やがて3番街に到着すると、そこにはあらかじめ他の隊により非常線を張られていた。
その場のリーダーであろうか?一人の男が一歩前にでてセフィロスに敬礼する。
「第21師団副隊長のランディです。何人か随行させましょうか?」
「足手まといだ、一般兵はいらぬ。そうだな、高位魔法をかけられるソルジャーを3人、隊の後ろから補助として借りたい。」
「アイ・サー! トニー、レイス、特務隊の援助に回れ!」
「了解!」
「アイ・サー!」
特務隊というのは第13独立小隊の別称であった。
常に第一線を任され、特別な任務にあたる事もあった為、いつしか”特務隊”と呼ばれる様になっていたのであった。
セフィロスが自分の隊に振り返ると4手に別けた。
「リック、右へ行け、クラウドお前は左だ、ザックスは背後から。カイル、おまえはザックスの補助だ。力バランスを考えて各自別れろ!」
隊員達が均等に4つに別れた。
先程の副隊長がびっくりしたような顔をした。
「だ、大丈夫ですか?こいつたしか今年入ったばかりのニューフェイスですよね?」 その問いかけにリックが答えた。
「クラウドは下手すればお前より強い。」
「ええ?!」
「心配ならクラウドの後ろに付いて行って見るのだな。こいつの心配は体力とパワーぐらいなものだ」
「見せてもらおうじゃないか。
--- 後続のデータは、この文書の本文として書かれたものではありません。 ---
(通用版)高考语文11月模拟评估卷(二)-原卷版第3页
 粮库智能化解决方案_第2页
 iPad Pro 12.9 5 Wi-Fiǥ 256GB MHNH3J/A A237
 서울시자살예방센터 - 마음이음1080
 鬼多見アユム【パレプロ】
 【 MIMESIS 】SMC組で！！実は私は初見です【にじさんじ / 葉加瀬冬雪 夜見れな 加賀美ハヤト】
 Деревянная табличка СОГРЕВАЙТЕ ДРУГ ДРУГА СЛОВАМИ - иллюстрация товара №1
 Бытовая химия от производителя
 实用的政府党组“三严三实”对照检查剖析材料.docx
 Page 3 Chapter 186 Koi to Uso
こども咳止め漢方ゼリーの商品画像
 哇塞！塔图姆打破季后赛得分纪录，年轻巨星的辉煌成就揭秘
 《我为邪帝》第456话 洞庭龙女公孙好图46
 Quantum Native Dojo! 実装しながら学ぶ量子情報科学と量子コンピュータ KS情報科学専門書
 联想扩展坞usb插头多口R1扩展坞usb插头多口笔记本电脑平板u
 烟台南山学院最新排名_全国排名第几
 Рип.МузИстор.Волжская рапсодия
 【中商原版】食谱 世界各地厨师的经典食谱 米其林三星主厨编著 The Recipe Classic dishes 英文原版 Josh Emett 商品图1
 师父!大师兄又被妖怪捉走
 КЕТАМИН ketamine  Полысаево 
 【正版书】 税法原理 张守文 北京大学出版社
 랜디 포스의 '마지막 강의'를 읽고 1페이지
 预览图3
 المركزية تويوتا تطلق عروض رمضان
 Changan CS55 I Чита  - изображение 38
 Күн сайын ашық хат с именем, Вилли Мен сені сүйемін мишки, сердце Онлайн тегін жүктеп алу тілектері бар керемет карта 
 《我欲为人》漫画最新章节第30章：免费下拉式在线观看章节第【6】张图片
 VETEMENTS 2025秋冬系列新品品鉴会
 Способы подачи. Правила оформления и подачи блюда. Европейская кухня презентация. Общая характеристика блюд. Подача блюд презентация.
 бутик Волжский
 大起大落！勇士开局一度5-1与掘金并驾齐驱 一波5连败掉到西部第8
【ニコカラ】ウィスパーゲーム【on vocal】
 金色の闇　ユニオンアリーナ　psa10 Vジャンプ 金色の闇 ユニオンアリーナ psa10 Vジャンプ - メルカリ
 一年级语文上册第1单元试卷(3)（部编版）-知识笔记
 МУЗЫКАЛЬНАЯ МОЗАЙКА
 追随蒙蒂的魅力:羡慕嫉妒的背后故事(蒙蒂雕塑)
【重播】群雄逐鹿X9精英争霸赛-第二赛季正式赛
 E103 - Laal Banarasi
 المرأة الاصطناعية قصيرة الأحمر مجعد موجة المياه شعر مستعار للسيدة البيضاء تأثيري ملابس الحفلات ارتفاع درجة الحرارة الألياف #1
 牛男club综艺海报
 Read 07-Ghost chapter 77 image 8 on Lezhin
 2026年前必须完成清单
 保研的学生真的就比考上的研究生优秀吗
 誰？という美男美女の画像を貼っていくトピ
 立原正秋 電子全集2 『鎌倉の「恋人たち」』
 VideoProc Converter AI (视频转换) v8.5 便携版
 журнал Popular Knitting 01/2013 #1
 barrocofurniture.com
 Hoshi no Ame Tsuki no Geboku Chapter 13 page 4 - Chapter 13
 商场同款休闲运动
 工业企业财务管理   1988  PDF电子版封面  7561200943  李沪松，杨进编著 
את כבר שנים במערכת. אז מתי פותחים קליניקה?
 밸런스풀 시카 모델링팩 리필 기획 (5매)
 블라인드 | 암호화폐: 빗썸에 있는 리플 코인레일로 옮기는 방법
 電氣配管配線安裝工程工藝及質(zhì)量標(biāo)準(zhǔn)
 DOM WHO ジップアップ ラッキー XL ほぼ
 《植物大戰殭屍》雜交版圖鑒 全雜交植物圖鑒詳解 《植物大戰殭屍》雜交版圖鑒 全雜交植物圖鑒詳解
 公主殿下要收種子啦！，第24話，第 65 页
」
ランディがクラウドの後ろについた。
セフィロスが隊員達を見渡して言い放った。
「ただいまより反抗勢力鎮圧のミッションに入る!総員、必ず生きて帰ること!以上!!」
敬礼と共にセフィロスの正宗が抜かれる。
戦闘開始の合図の様にきらりと光ると、隊員達が指示された方向へと走っていった。
ランディは目の前の少年兵をちらりと眺めていた。
どちらかと言うとまだ幼さを残した可愛らしい顔だちに青い瞳、凛とした態度は一端の兵士であったが、
(イマイチ、心配だよなぁ。)
と、思っていた。
クラウドがソードを抜くと、後ろに控えている隊員達に一旦うなずいて、先頭を切って走っていった。
やがて反抗勢力が見えてくる。
マシンガンの弾をうまくよけながら、クラウドがソードを片手に切り込んで行った。
その太刀筋の正確さにランディが後ろで思わず唸っていた。
そして時折、クラウドの操るソードから赤い晄がチラチラと見えるのに気がついていた。